Git Mailing List Archive mirror
 help / color / mirror / Atom feed
From: Patrick Steinhardt <ps@pks.im>
To: Christian Couder <christian.couder@gmail.com>
Cc: git@vger.kernel.org, Junio C Hamano <gitster@pobox.com>,
	John Cai <johncai86@gmail.com>,
	Jonathan Tan <jonathantanmy@google.com>,
	Jonathan Nieder <jrnieder@gmail.com>,
	Taylor Blau <me@ttaylorr.com>, Derrick Stolee <stolee@gmail.com>,
	Christian Couder <chriscool@tuxfamily.org>
Subject: Re: [PATCH v4 3/3] gc: add gc.repackFilter config option
Date: Wed, 4 Jan 2023 15:57:03 +0100	[thread overview]
Message-ID: <Y7WTv19aqiFCU8au@ncase> (raw)
In-Reply-To: <20221221040446.2860985-4-christian.couder@gmail.com>

[-- Attachment #1: Type: text/plain, Size: 6314 bytes --]

On Wed, Dec 21, 2022 at 05:04:46AM +0100, Christian Couder wrote:
> A previous commit has implemented `git repack --filter=<filter-spec>` to
> allow users to remove objects that are available on a promisor remote
> but that they don't want locally.
> 
> Users might want to perform such a cleanup regularly at the same time as
> they perform other repacks and cleanups, so as part of `git gc`.
> 
> Let's allow them to configure a <filter-spec> for that purpose using a
> new gc.repackFilter config option.
> 
> Now when `git gc` will perform a repack with a <filter-spec> configured
> through this option and not empty, the repack process will be passed a
> corresponding `--filter=<filter-spec>` argument.
> 
> Signed-off-by: Christian Couder <chriscool@tuxfamily.org>
> ---
>  Documentation/config/gc.txt |  9 +++++++++
>  builtin/gc.c                |  6 ++++++
>  t/t6500-gc.sh               | 19 +++++++++++++++++++
>  3 files changed, 34 insertions(+)
> 
> diff --git a/Documentation/config/gc.txt b/Documentation/config/gc.txt
> index 38fea076a2..9359136f14 100644
> --- a/Documentation/config/gc.txt
> +++ b/Documentation/config/gc.txt
> @@ -130,6 +130,15 @@ or rebase occurring.  Since these changes are not part of the current
>  project most users will want to expire them sooner, which is why the
>  default is more aggressive than `gc.reflogExpire`.
>  
> +gc.repackFilter::
> +	When repacking, use the specified filter to omit certain
> +	objects from the resulting packfile.
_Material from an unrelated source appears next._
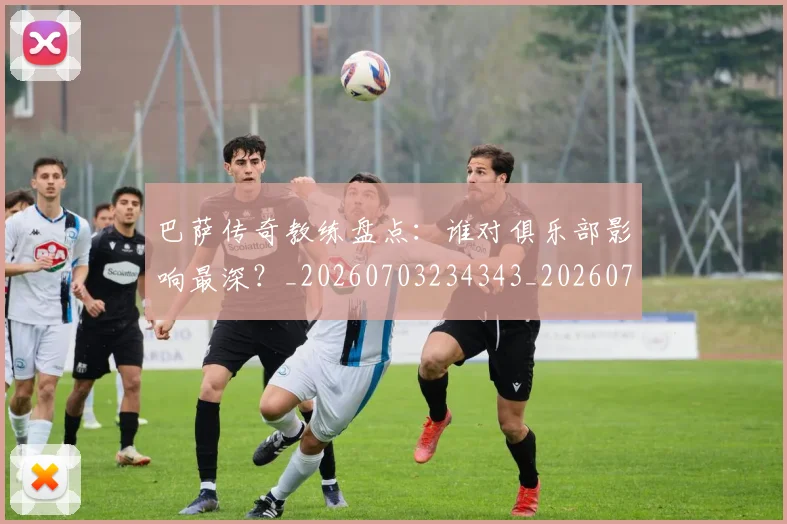 巴萨传奇教练盘点：谁对俱乐部影响最深？_20260703234343_20260722153116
WARNING: this could
> +	easily corrupt the current repo and lose data if ANY of the
> +	omitted objects hasn't been already pushed to a remote. Be
> +	very careful about objects that might have been created
> +	locally! See the `--filter=<filter-spec>` option of
> +	linkgit:git-repack[1].

This limitation means that no user can ever configure this unless they
also set `gc.auto=0`, or otherwise Git might periodically delete their
local objects without any way to restore them.
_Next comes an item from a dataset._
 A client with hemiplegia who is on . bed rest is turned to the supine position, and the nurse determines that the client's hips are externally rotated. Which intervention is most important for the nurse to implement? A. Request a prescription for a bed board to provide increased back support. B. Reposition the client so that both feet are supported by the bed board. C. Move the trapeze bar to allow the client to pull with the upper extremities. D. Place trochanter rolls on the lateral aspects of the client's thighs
I see though that this might be a useful thing to have for partial clone
repositories: right now they only ever grow in size, so it would be nice
if Git could gracefully cull that size every now and then. But for this
to be automatic I'd expect a few safeguards:

    - Given a remote with a partial clone filter we only ever delete
      objects that seem to exist on the remote. This might for example
      be determined via a graph-walk of the remote's references. This
      protects against deleting objects that only exist locally.
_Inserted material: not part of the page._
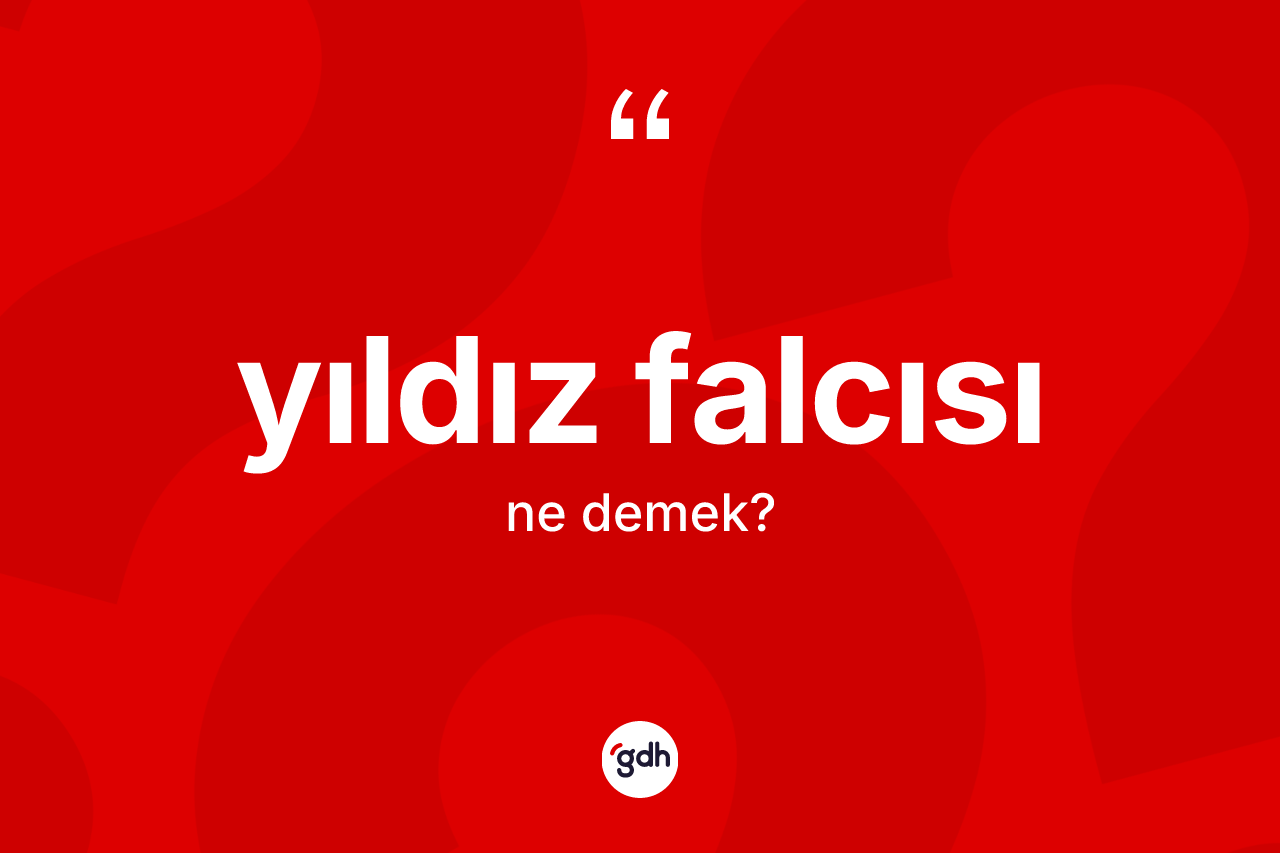 Yıldız falcısı kelimesi ne demek? Yıldız falcısının kısaca tanımı nedir?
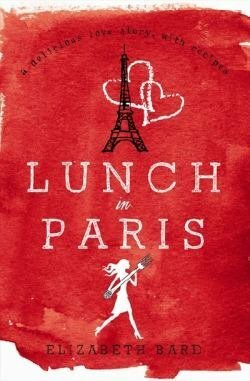 Lunch In Paris: A Delicious Love Story, With Recipes by Elizabeth Bard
    - Objects that are referenced by any of the currently checked-out
      HEADs should not get puned. This protects against deleting objects
      that you'd have to re-download anyway.

    - It would be great to have a grace period after which objects get
      pruned. Given that we have no access times for packed objects
      though this doesn't seem that easy to implement though. Still,
      this would protect the user from objects getting deleted when they
      frequently switch between different commits.

From my point of view we should not expose a high-level interface around
git-gc(1) at this point in time because of these missing safeguards.
Otherwise it is only a footgun waiting to go off.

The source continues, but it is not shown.